The coiled metal that makes up the spring is referred to as wire, and since larger-diameter wire is stronger than smaller-diameter wire, the greater the diameter, the greater the spring rate. The mean diameter is the overall outside diameter of the spring less one wire diameter (the same as measuring from the center of the wire across the spring to the center of the wire on the opposing side, which is what you should do, but the former is easier to measure!). When the mean diameter increases, the spring rate decreases. Finally, active coils. To determine the number of active coils, count the total coils minus two for springs with both ends closed, the total minus one for springs with one end closed and the other end open. As the number of active coils increases, the spring rate decreases. Coilovers will have springs with both ends closed.
Now to that fourth variable, and one which is most often abused in practice. Spring rate will actually decrease the more a coilover is mounted away from vertical. We asked the guys at QA1 if they'd recommend mounting a coilover vertically and were told "that would be as true a spring rate as it would be possible to get. Every degree from vertical reduces spring rate." As you can see from the accompanying chart, courtesy of QA1, the correction factor increases as the angle increases to the point that if a coilover is mounted at 45 degrees, its spring rate is halved. This means the greater the angle, the higher the spring rate required to support the same weight. As an example, using the chart, if a spring rated at 150 pounds were required for an application in a vertical position, and it was mounted at 30 degrees, you can calculate the new spring rate by dividing 150 by the correction factor for 30 degrees (0.75). This gives a new rate of 150 0.75 = 200 pounds. That's quite a difference just for leaning a coilover a few degrees, huh?
The advantage of Air Ride Technology ShockWaves is that increasing the air pressure is the equivalent to increasing the spring rate, but without the need to change components, providing adjustability for mounting angle or increased load.

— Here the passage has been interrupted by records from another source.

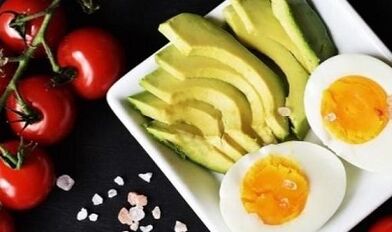 Losing weight on the keto diet, what you can and cannot eat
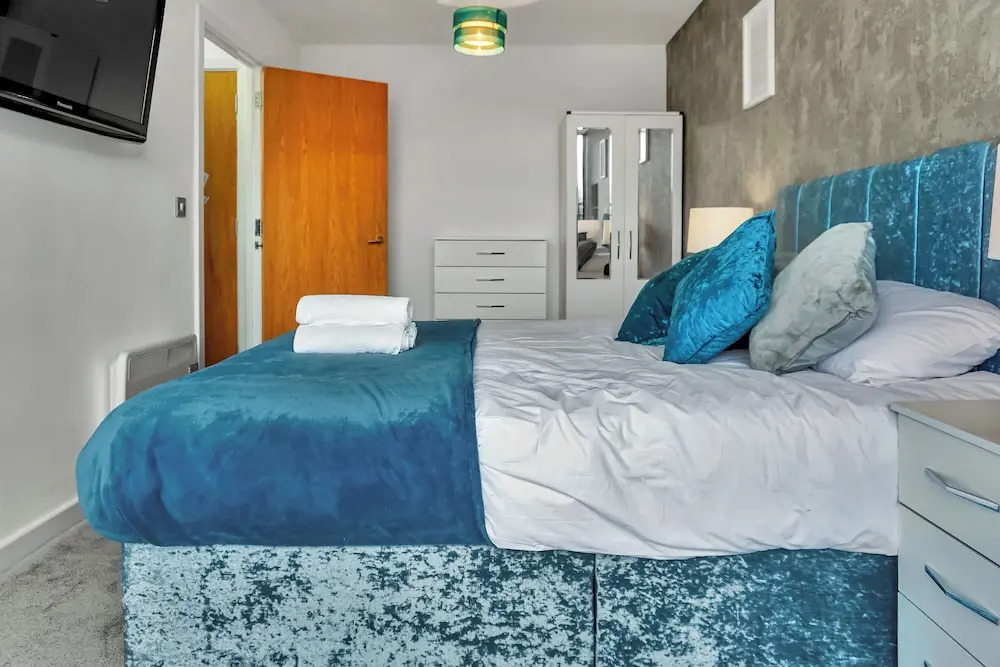 2 Bed Penthouse-sleeps 4 With Wraparound Balcony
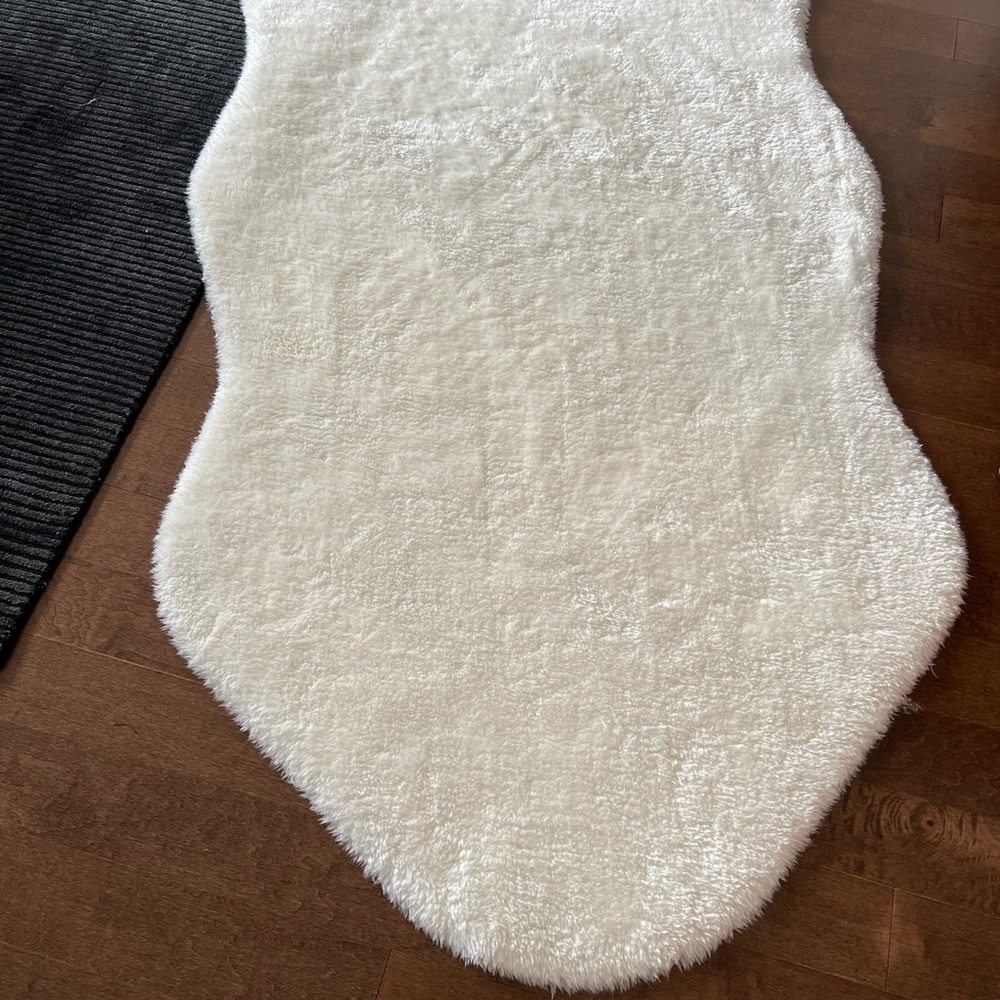 TOFTLUND
Rug, white2 ' 11 "x4 ' 11 " (90x150 cm)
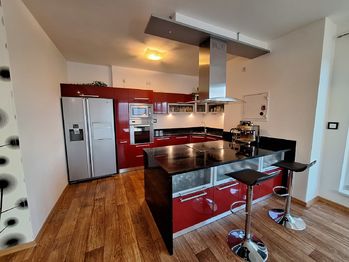 Obývací pokoj s kuchyňským koutem  - Pronájem bytu 4+kk v osobním vlastnictví 206 m², Vyškov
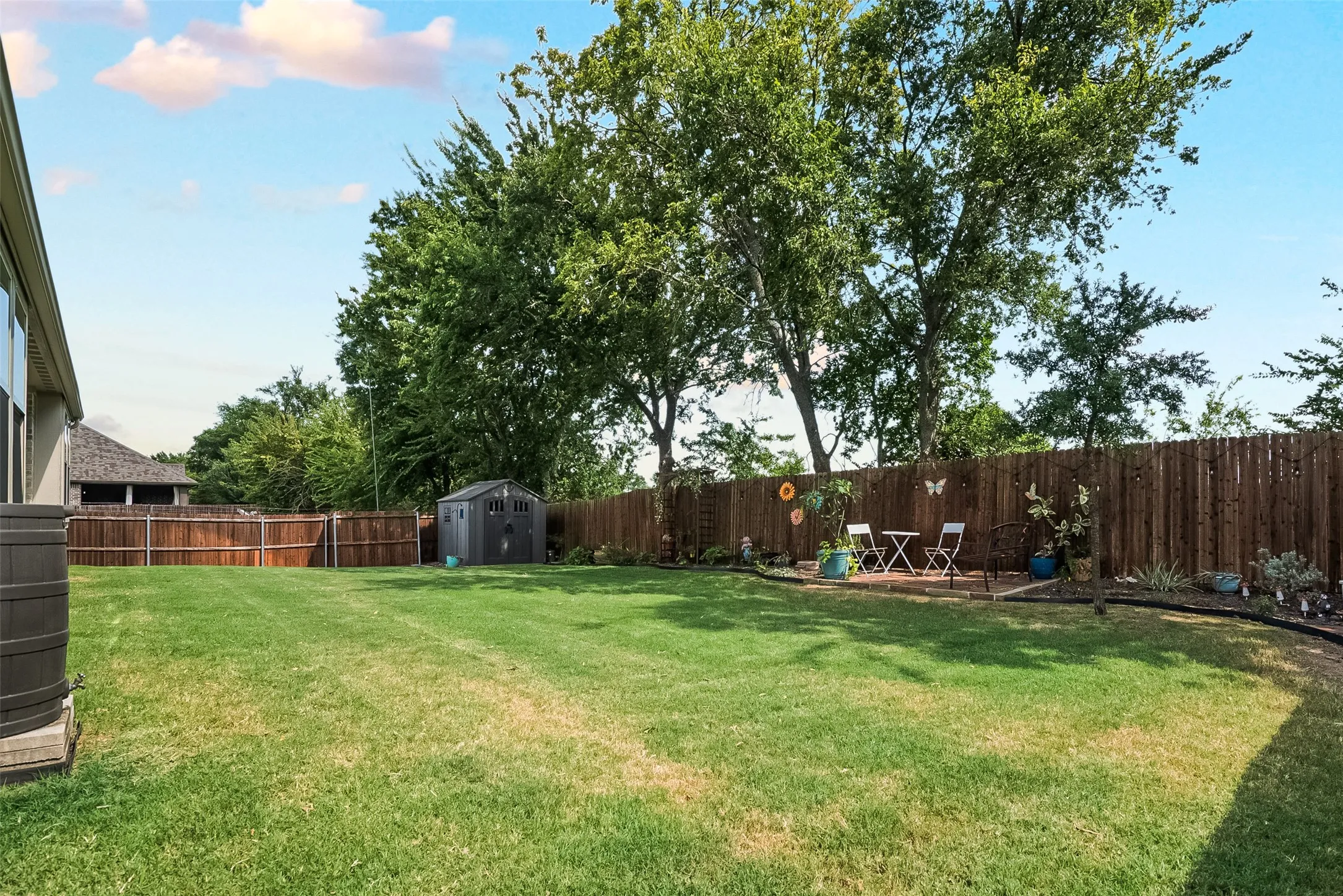 Single Family Residence For Sale in Grayson County , 201 Providence Drive, Van Alstyne, Texas 75495, 3 Bedroom, 2 Bathroom, 2 Garage spaces, 1,611 Sqft, built in 2021, mls#21354986, Real Estate Agent in Van Alstyne, Homes For Sale in Grayson county, Homes For Sale in Van Alstyne, Realtor in Van Alstyne Texas, Real Estate Brokerage Independent Realty Texas, Luminita Cordes Realtor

SHOCK ANGLE CORRECTION FACTOR 10° 0.96 15° 0.93 20° 0.88 25° 0.82 30° 0.75 35° 0.66 40° 0.59 45° 0.50
Progressive Coils
As an aside to the above, variable rate springs are also available. Normal coil springs are linear. For example, a 100-pound spring will compress 1 inch with a 100-pound load on it, 2 inches with a 200-pound load, and so on, the spring rate will remain constant at 100 lb/in. Variable rate springs are progressive, compressing 100 pounds for the first inch in the previous example, then requiring 150 pounds to compress the second inch and so on, making the spring rate progressive. Typically, these springs have varying spacing between the active coils, and during compression the coils closer together will bottom out, effectively stop working, and thus increase the spring rate due to "reduction" in the number of active coils.
Progressive coils typically have a soft initial spring rate, getting increasingly firmer to handle more weight and improve handling. Obviously, you can't use the chart here to determine spring rate when a progressive spring is mounted at an angle, and we'd advise checking with your coilover supplier if you opt for progressive springs.
ShockWaves
As an air spring is the equivalent of a coil, an Air Ride Technologies ShockWave is the equivalent of a coilover, as it incorporates a shock absorber, with the added bonus that you can increase the air pressure, thus increasing the spring rate. According to Air Ride Technologies' president, Bret Voelkel, "A light car, such as a '32 roadster, would probably require a coil spring rated at 75-100 pounds, translating to 40-pounds pressure in a ShockWave. The same ShockWave will go on a heavier car, say a '30 sedan, which would require a spring rate in the region of 175-200 pounds, inflated to 70-75-pounds pressure. Add a couple of passengers and you can increase the air pressure to compensate with no compromise in ride quality or component changes."
You can see there are variables that influence the air pressure (or spring rate) required. Selecting a spring to achieve optimum height is important, though the threaded adjuster on a coilover can help here, and every coilover or ShockWave has an intended height, which takes us back to our comment earlier about setting the suspension up correctly from the outset.